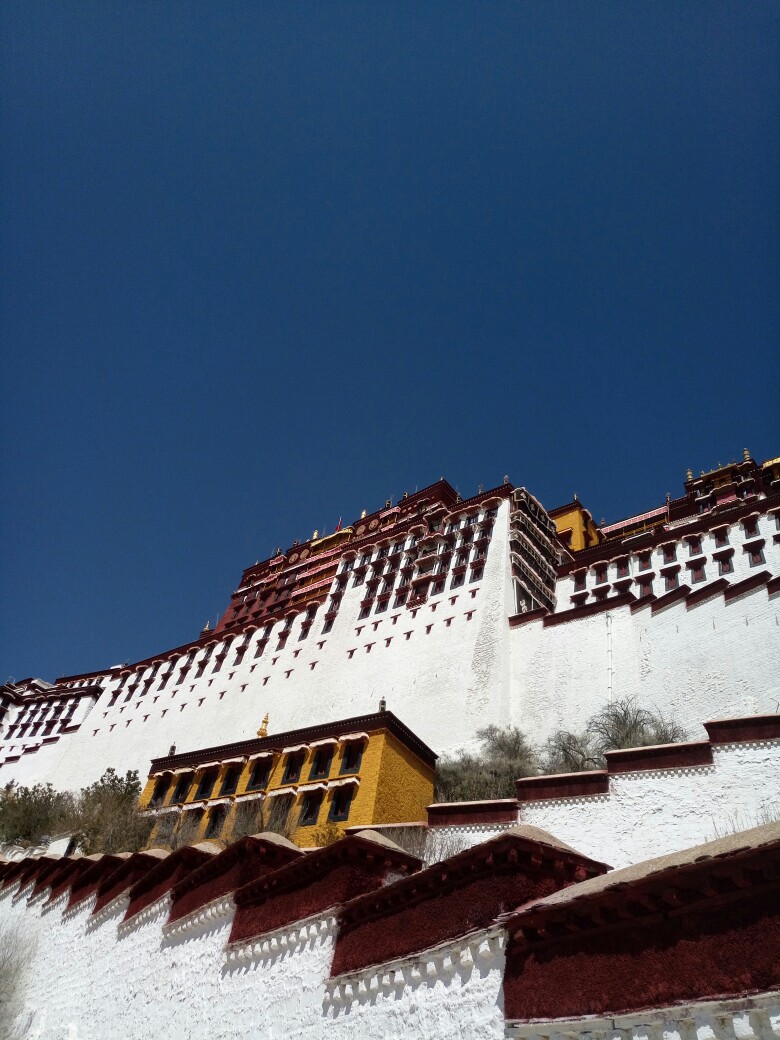 求解答:4月初去西藏拉萨,纳木错,林芝等旅游,穿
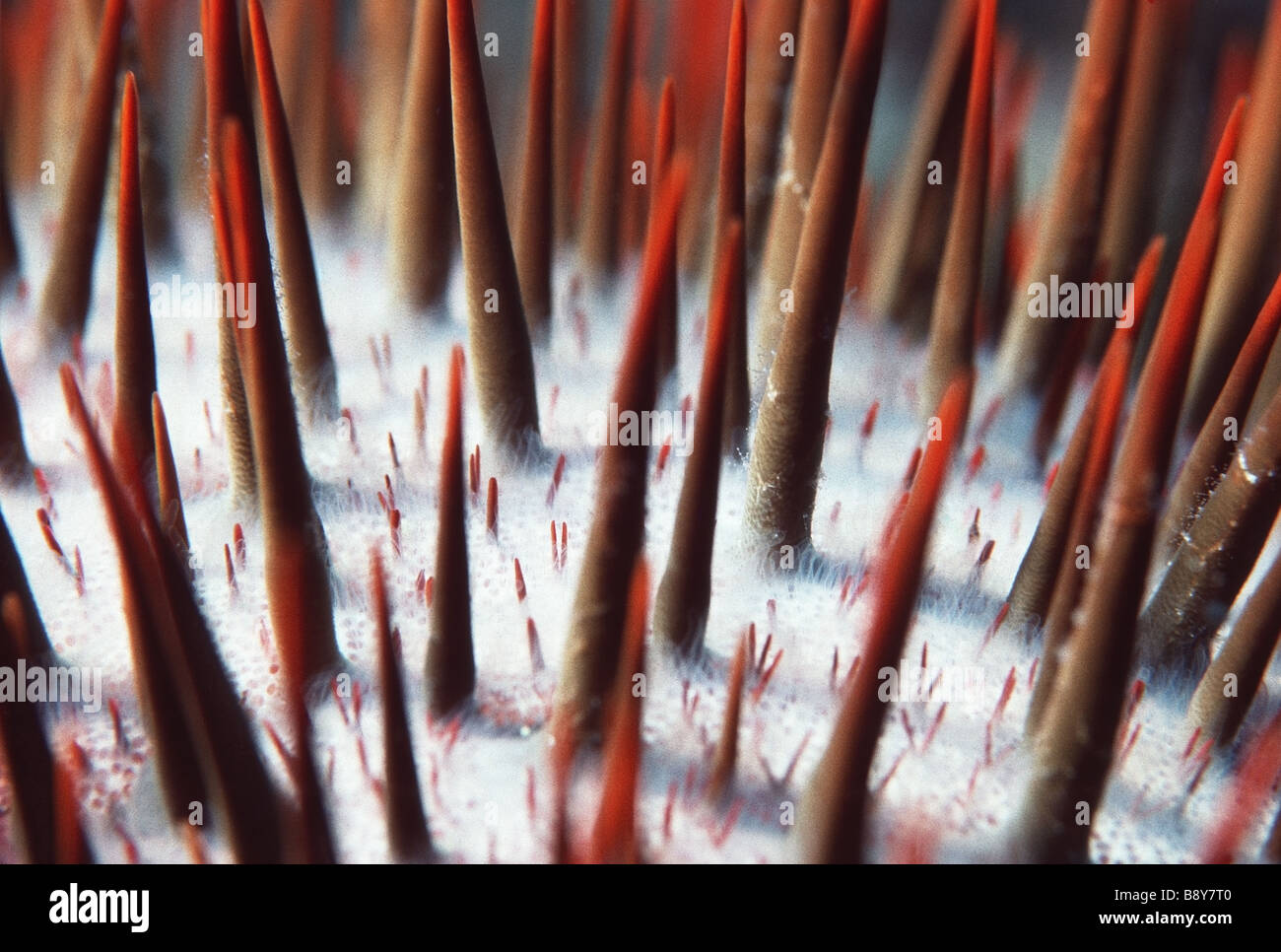 Acanthaster planci crown of thorn starfish Stock Photo - Alamy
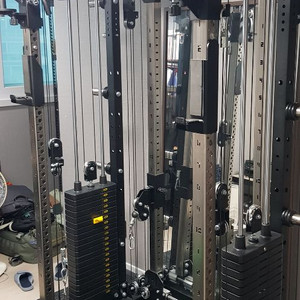 (설치포함)와일든0896d판매합니다.홈짐 블랙벳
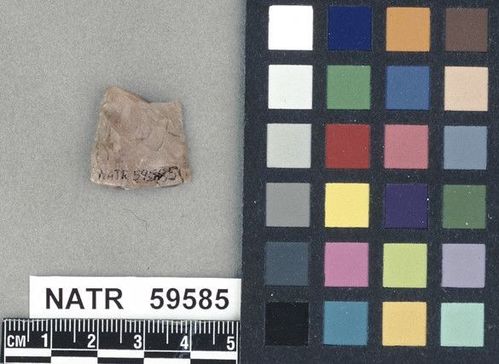 NATR   59585 -- Untyped projectile point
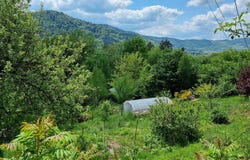 Le Thillot, Lorraine 88160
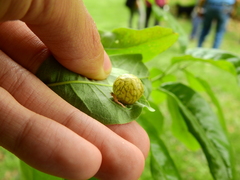 Amphibolips quercusostensackenii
_ _ _
Task goal:
Reproduce all the entries that precede this task, word for word, minus any pictures.

Solution to this problem:
 求解答:4月初去西藏拉萨,纳木错,林芝等旅游,穿
 Acanthaster planci crown of thorn starfish Stock Photo - Alamy
 (설치포함)와일든0896d판매합니다.홈짐 블랙벳
 NATR   59585 -- Untyped projectile point
 Le Thillot, Lorraine 88160
 Amphibolips quercusostensackenii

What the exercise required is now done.